This is my response to JenIG question about youth group.
Our church youth group is having a sleepover / lock in tonight. Can we go? Kristin asked me last Friday night.
"Absolutely!" I replied.
"Yeah, the Braun youth group is having a lock in. Everybody go to bed!" Jason shouted.
That conversation just took place in our home! We don't participate in youth group. Our family is our youth group.
When our children were young, they stayed with us during the church service. When someone asked my husband "why?" he stated,
"I'm not keeping them out of the sanctuary for the first 18 years and then praying for the next 18 that they come back in. I'm letting them participate from the beginning."
That has been our attitude all along. Children do not need a special place to go unique to themselves on Sunday or any other day. And as our children have gotten older that included youth group. Our decsion did not just factor in what the youth group might do to our children but what our children might do to youth group (my children are not perfect!), or the youth pastor's attitudes towards us. We also examined the purpose of youth groups and the effect on our children.
Youth group mixes two distinct efforts. Evangelism and discipleship. They are two totally different ideas. Evangelism assumes that the children are in need of a Savior. Discipleship involves teaching one who already recognizes their need for a Savior and desires to grow in their faith. To mix them together creates a dilemma for the pastor and the youth group. Who is saved and who is not? How do you teach them? Wrong assumptions (especially among the youth) creates friendships that are hazardous. Bad company corrupts good morals. (1 Cor 15:33) Also, he who walks with the wise becomes wiser still but the companion of fools suffers harm. (Proverbs 13:20)

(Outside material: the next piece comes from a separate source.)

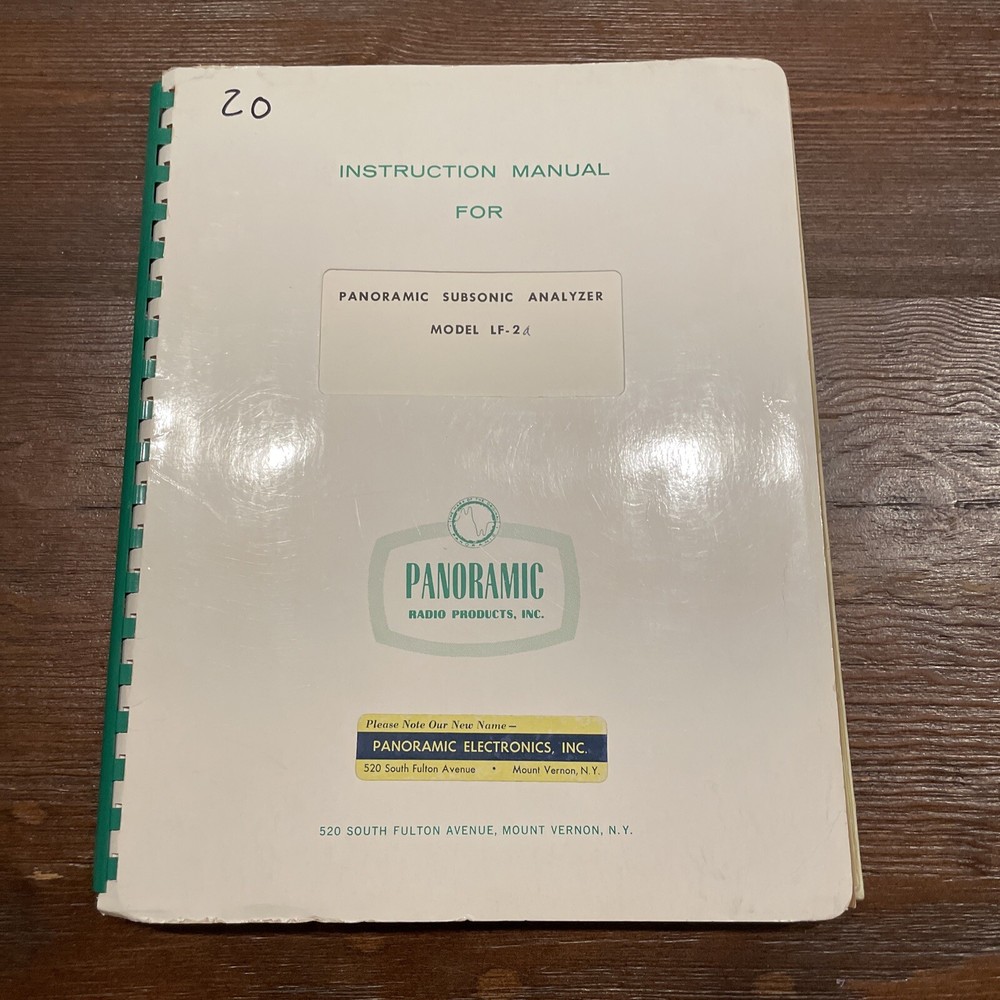 Panoramic Model LF-2a Subsonic Analyzer Instruction Manual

Youth group creates a dilemma for the father. As my children have discovered from the conversation above, God designed the family as the unit to for the foundation for society and that includes the church. I have seen many youth tire of family life and desire to be with their friends. The heart of the child should be to do the will of their father. Most youth groups do not encourage that type of thinking. The father is usually not even involved in the process. Unfortuantely, most churches don't exhort the father to lead so they have to "fill the gap" with youth group and youth pastor. This becomes a vicious cycle for the heart of the child. A youth group designed to "help" actually becomes a hinderance to biblical restoration in the family.
There is no such thing in the bible as the teen years. Scripture says, "When I was a child I spoke as a child but when I begame a man I put childish things away." (1 Cor 13:11) Scripturally, we move from child to adulthood. There was no pergatory called the teen years to "find yourself". Our culture has created this period and the church has bought right into it. Interestingly, I was speaking with my Muslim neighbor (he's from Lebanon) and in their culture the youth are looked at far differently than they are here. The youth are considered men and workers to contribute to the family's well being. He was amazed at how coddled the teens are here for no apparent reason.
Youth group is self-focused. People tell me they go on missions trips and do outreaches but those are occassional trips. The weekly meeting is centered around the youth. Their "unique" needs make it necessary to separate them from the general congregation to address them specifically. But what is so unique about the teenage years that is any more unique than any other time in life? (Now a momma with 6 children at 40 that's unique! Maybe I need my own group too!) And the idea of youth group is to make it "fun" so they will want to come back.
Girls were made to blush. Most youth groups mix the guys and gals together. This should not be. Our culture actively breaks down the barrier between men and women. And most marriages today are suffering the effects of this. Relationships should be fostered between our young people in an environment of guidance from mom and dad. But youth group removes that requirement and the youth are free to form friendships and beyond without parental guidance and protection.
Brother and sister relationships are hindered. And along those same lines, brother/sister relationships are also worn down. One wise mother told me that be careful what you let the older ones participate in because the younger are watching and imitating. If the older have "fun" activities designed just for them, the younger will want their own. And soon life becomes a rush to the next activity with no time for the building family relationships.
Evangelism and ministry is happening. My family does ministry and outreach. The assumption made by many when we tell them we don't participate in youth is that my children are being "sheltered" from life. Nothing could be further from the truth. I don't need to go into all the ways in which this happening but we are called to be a witness where we are. That is the attitude my children have adopted as well. The church is designed to train the believer to do the work of the ministry. Not the ministry that does all the work for the believer. (See Ephesians 4)
That's in a nutshell our thinking toward youth groups. It is not based on fear of what the youth group might do to my children.
Sally Carkston said in a conference I attended, "In the absence of biblical conviction you will go the way of culture."
It is incumbent upon every mom and dad to study the scripture and decide for themselves the reasoning for any activity they allow their children to participate in including youth group.